Mentörlük hizmeti almak, iş hayatına yeni atılmış, hedeflerini henüz belirleyememiş gençlerin kariyerlerini geliştirmelerinde önemli bir faktör olmakla beraber aynı zamanda, kurum kültürüne alışmakta zorlanan, kuruma uyum sağlayacak bireysel planlarını yapmakta desteğe ihtiyaç duyan çalışanlar için de önerilmektedir. Mesleki gelişim sürecini kısaltmak ve bu süreci en az hatayla atlatmak isteyen çalışanlar da mentörlük hizmeti almayı düşünmelidirler.
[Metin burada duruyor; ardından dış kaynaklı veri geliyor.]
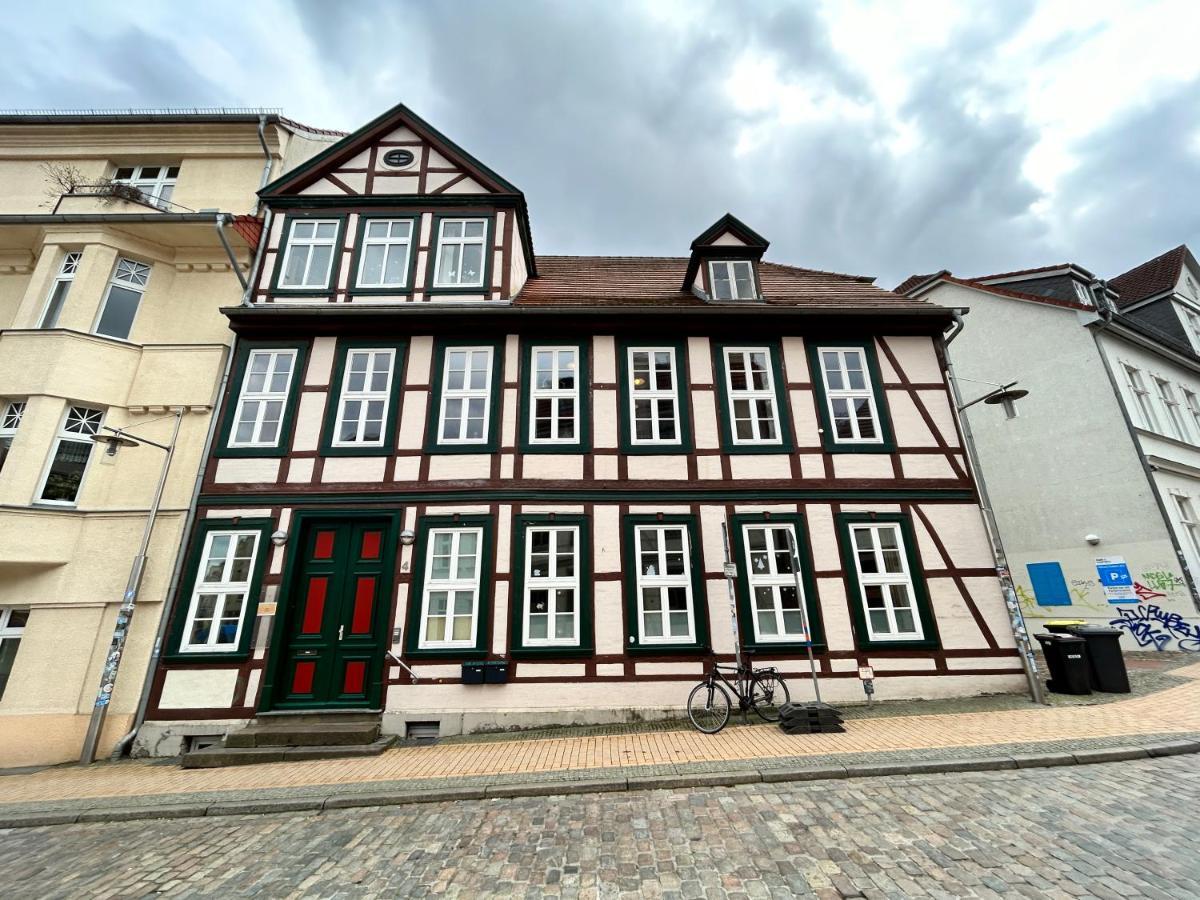 Stilvoll Wohnen In Bester Lage Schwerins Apartment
İŞ HAYATINDA KOÇLUK VE MENTÖRLÜK UYGULAMALARI
İş yaşamına yönelik koçluk daha çok çalışanların tavır ve tutumlarıyla ile ilgilenmektedir. Kişinin tavır ve tutumları belirle hedeflere ulaşmak konusunda iyi tanımlanmış adımlar olarak da açıklanabilinir. Belirlenen hedeflere ulaşmada doğru adımı, doğru zamanda atmak önemli bir faktördür. Koçlar çalışanları gözlemleyerek neyi nasıl yapmaları gerektiği hususunda danışmanlık yapmakta ve doğru adımın doğru zamanda atılmasını sağlamaktadırlar.
İş yaşamına yönelik mentörlük ise çalışanların potansiyellerini ortaya çıkarmayı ve geliştirmeyi hedeflemektedir. Çalışan potansiyeli; doğru donanım, eğitim, motivasyon ve danışmanlık verildiği taktirde kişinin ulaşabileceği en üst düzey kapasite olarak tanımlanabilinir. Bu noktada kapasitenin iş odaklı kalmayarak daha geniş bir perspektifte ortaya çıkarılması kişinin kendini entelektüel ve saantsal becerilerde de geliştirmesi hedeflenmektedir.
Bu özellikleriyle koçluk ve mentörlük, şirketlerin hedeflerine ulaşma süreçlerine olumlu bir şekilde etki etmekte, çalışanların kapasitelerini maksimum düzeyde kullanmalarını sağlayarak verimliliklerini artırmaktadır.